__WORK TO BE COMPLETED__. Lines from the one containing "I'm Just Here" through the last line of the data are to be returned exactly, both ends included, minus any pictures.
(SOURCE RECORDS begins)
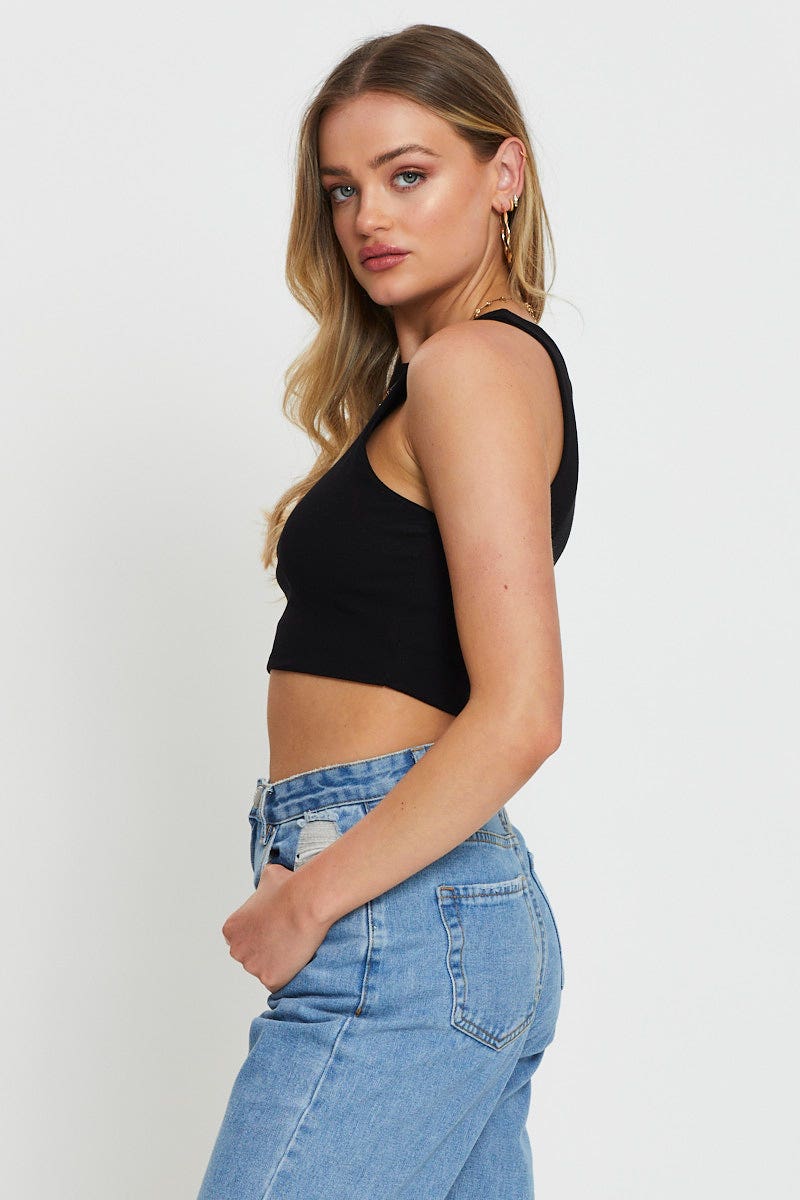 TANK Black Crop Top Long Sleeve for Women by Ally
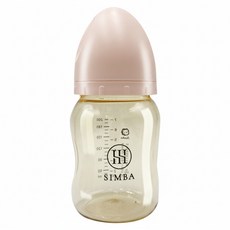 Simba 小獅王辛巴 新生適用 蘊蜜鉑金PPSU寬口防脹氣奶瓶, 栗粉, 200ml, 1瓶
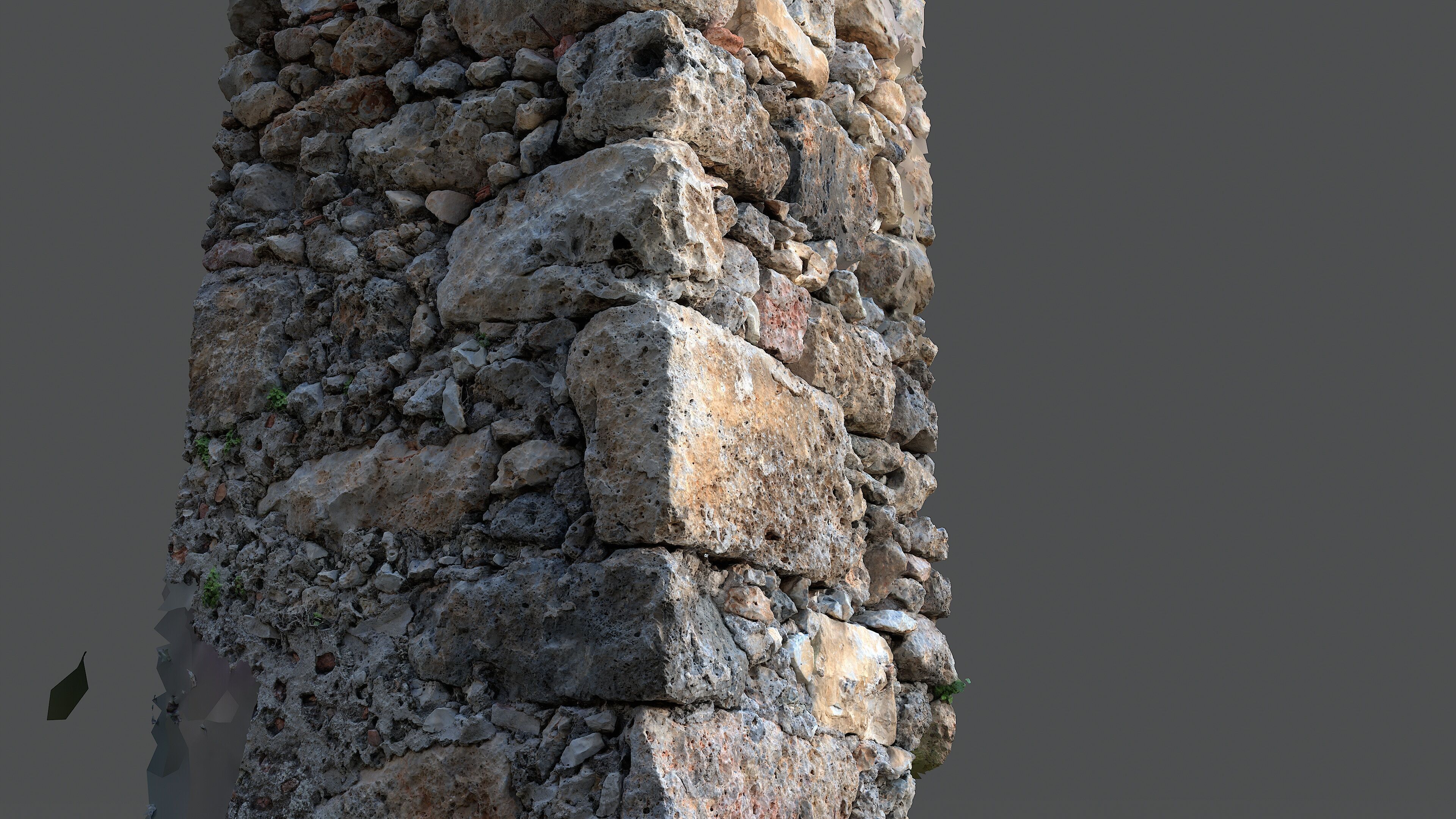 Abandoned House Ruined Part Scan - Wall Corner 01 3D model_10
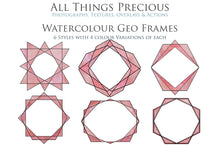 Load image into Gallery viewer, 30 PNG WATERCOLOUR / BLACK Geo Frames - Clipart - FREE DOWNLOAD
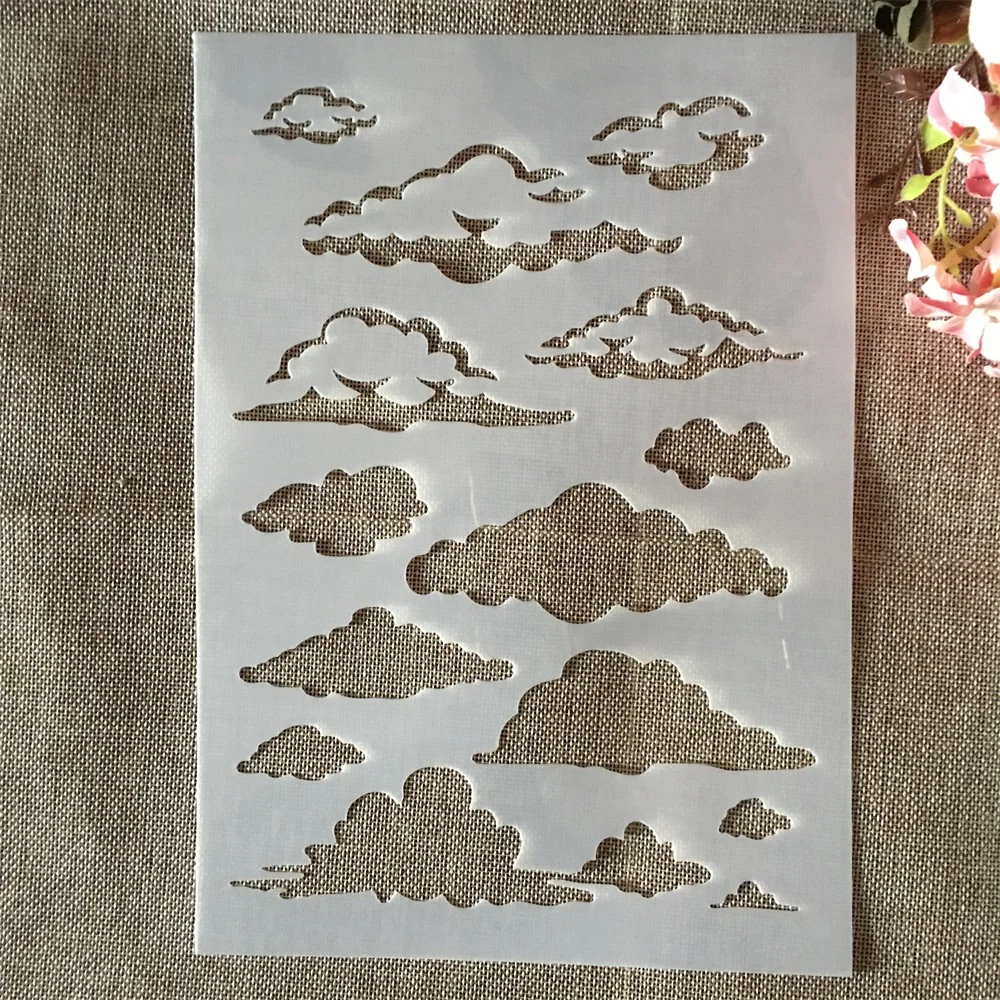 A4 29cm Sky Cloud DIY Layering Stencils Painting Scrapbook Coloring Embossing Album Decorative Template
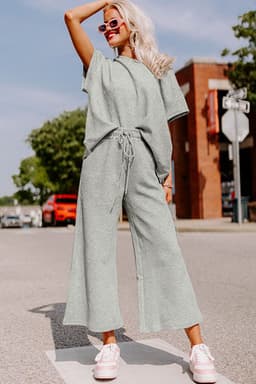 image-Strawberry Pink Textured Loose Fit T Shirt and Drawstring Pants Set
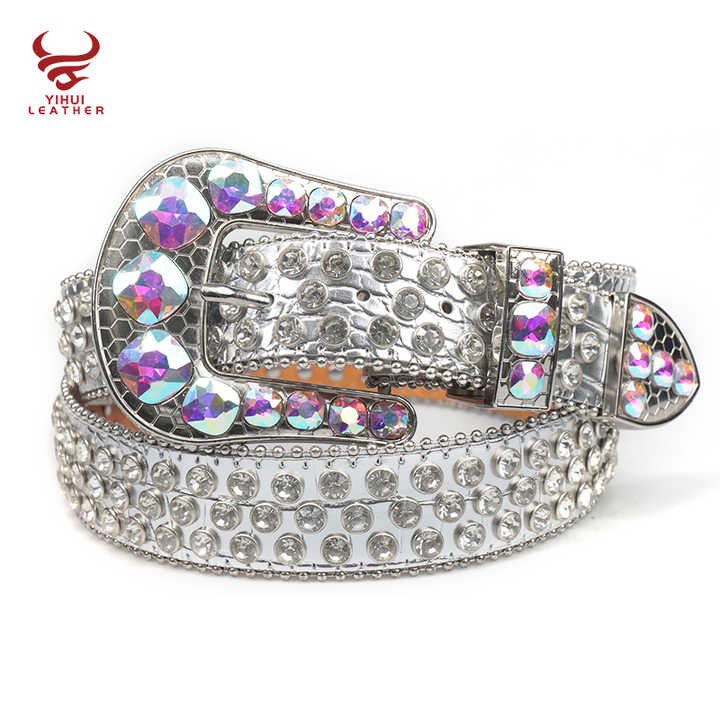 Customized Western studded Big Buckle Cowboy Leather Rhinestone Belts Designer Inspired White Diamond Belts for Boys Girls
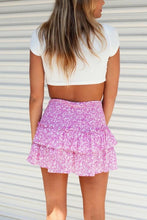 Load image into Gallery viewer, Pink Floral Ruffle Skirt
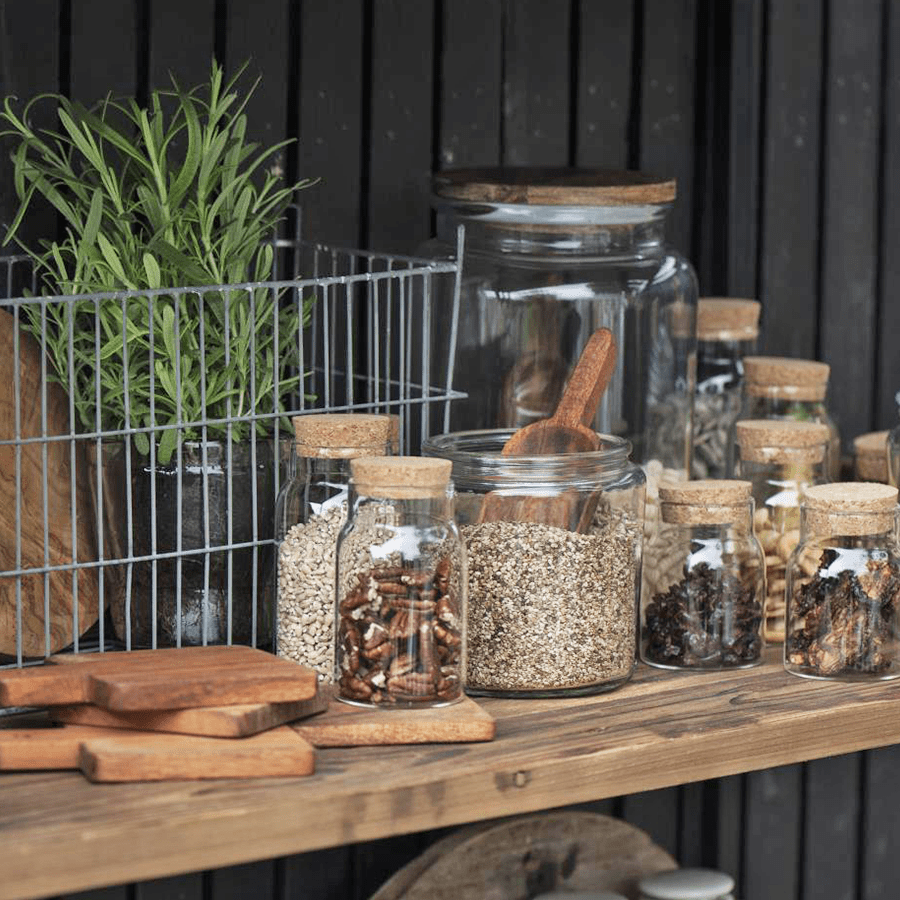 CORK GLASS STORAGE JAR 210ML - DYKE & DEAN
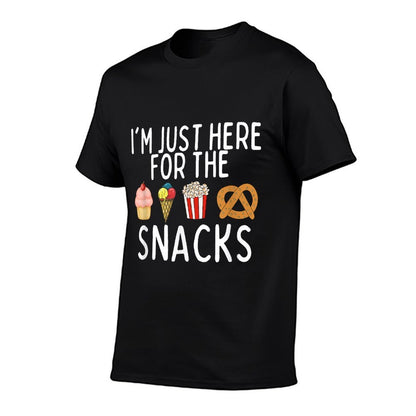 I'm Just Here For The Snacks Funny Foodie  Rolled Sleeves T-Shirt
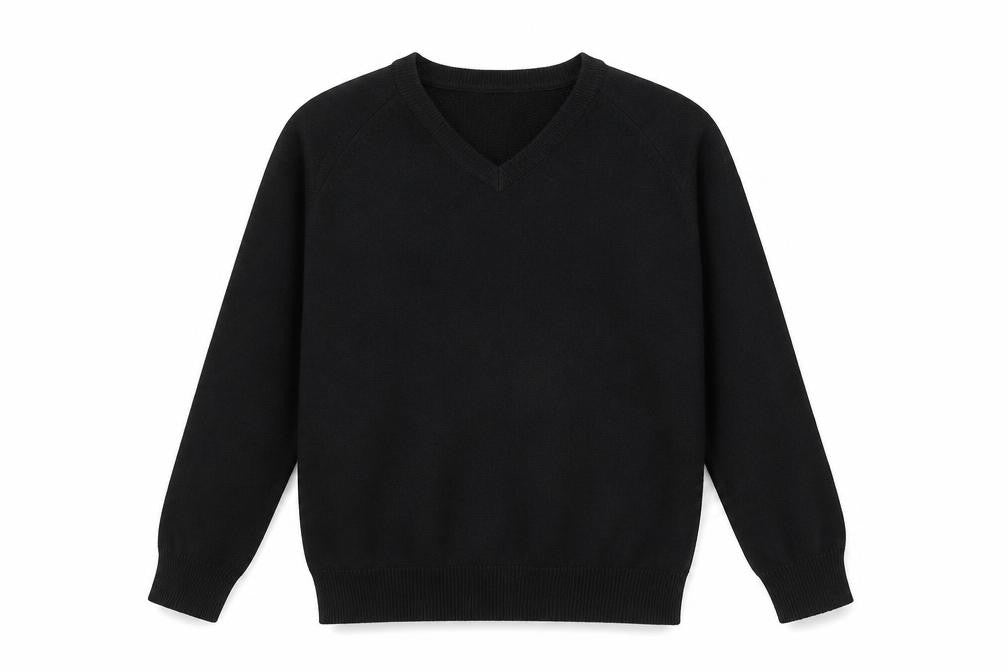 Next Boys Black V-Neck Cotton Blend Jumper 12 Years Classic Schoolwear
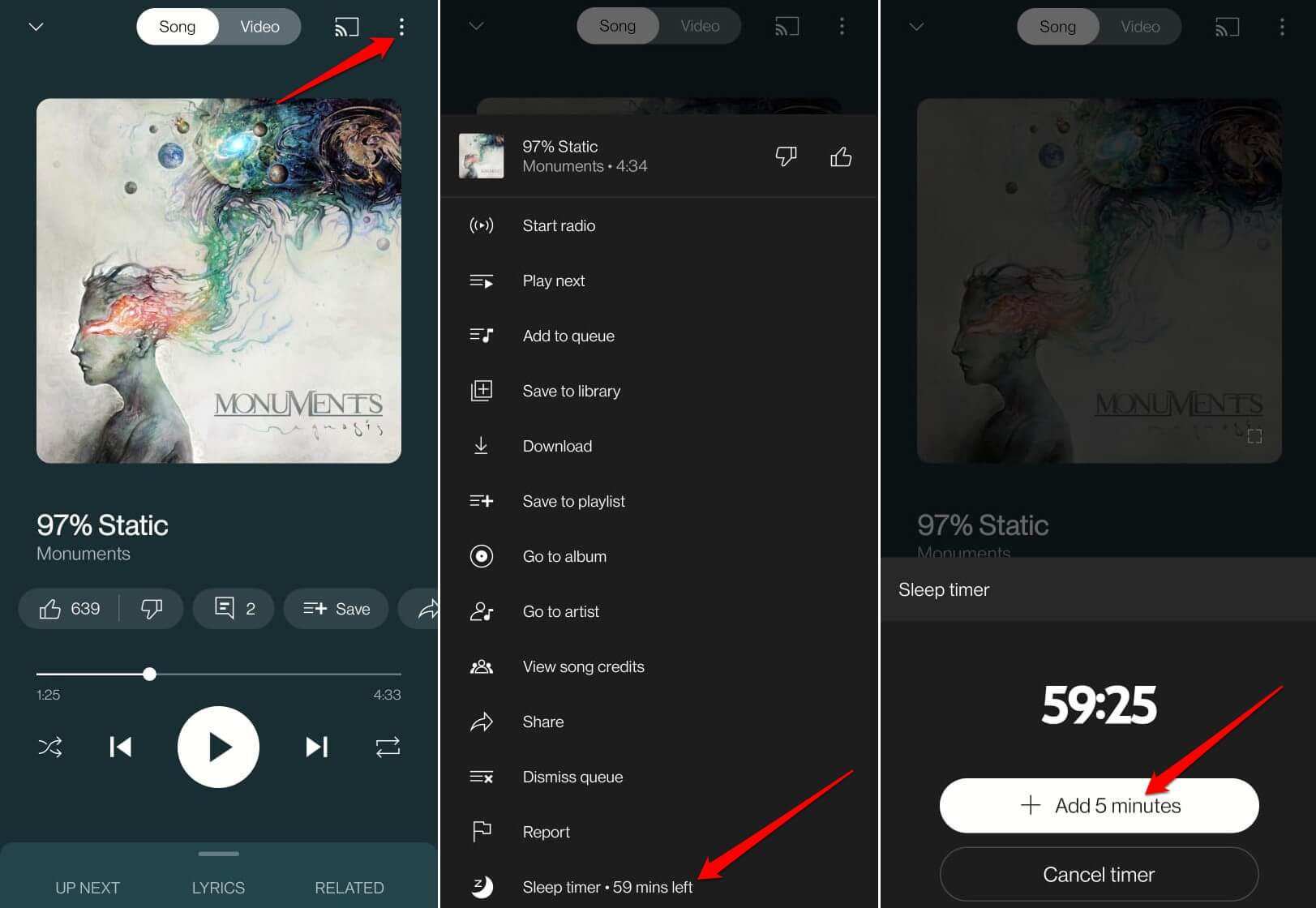 Modifica timer di sospensione nell'app YouTube Music
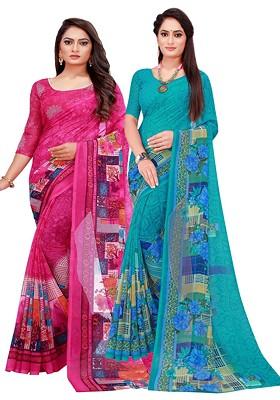 Magenta Floral Georgette Saree Set (Set Of 2)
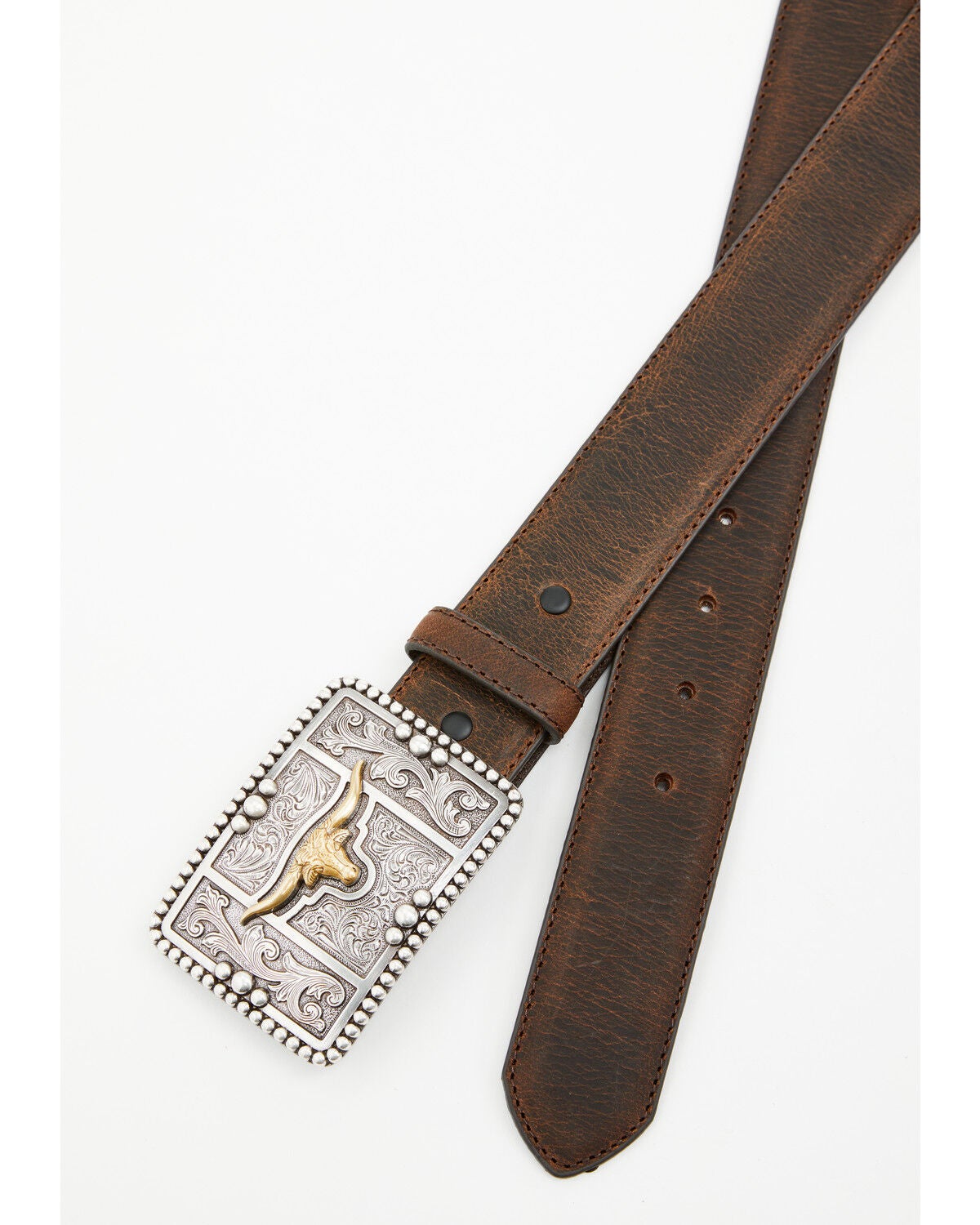 Image #2 - Cody James Men's Filigree Longhorn Leather Belt, Brown, hi-res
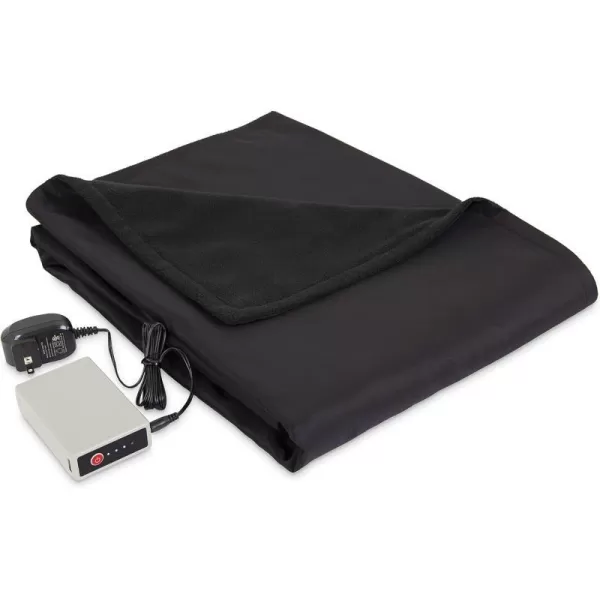 imageEddie Bauer  Heated Throw Blanket Water Resistant Throw with Warming Pocket  Rechargeable Battery Weather Smart Fleece for Travel Camping and Outdoor Use BlackBlack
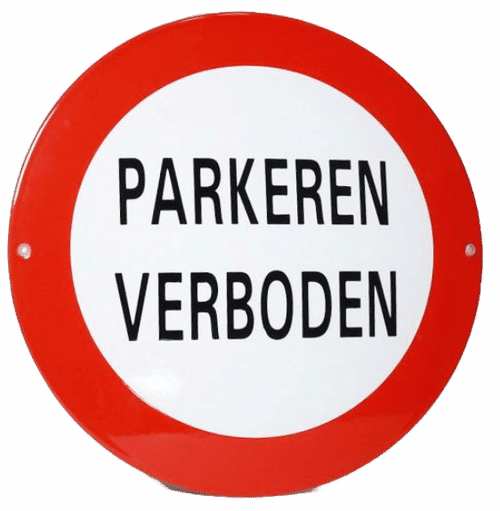 Groot Emaille Verbodsbord : Parkeren Verboden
(SOURCE RECORDS ends)
__SOLUTION TO THE EXERCISE__.
 I'm Just Here For The Snacks Funny Foodie  Rolled Sleeves T-Shirt
 Next Boys Black V-Neck Cotton Blend Jumper 12 Years Classic Schoolwear
 Modifica timer di sospensione nell'app YouTube Music
 Magenta Floral Georgette Saree Set (Set Of 2)
 Image #2 - Cody James Men's Filigree Longhorn Leather Belt, Brown, hi-res
 imageEddie Bauer  Heated Throw Blanket Water Resistant Throw with Warming Pocket  Rechargeable Battery Weather Smart Fleece for Travel Camping and Outdoor Use BlackBlack
 Groot Emaille Verbodsbord : Parkeren Verboden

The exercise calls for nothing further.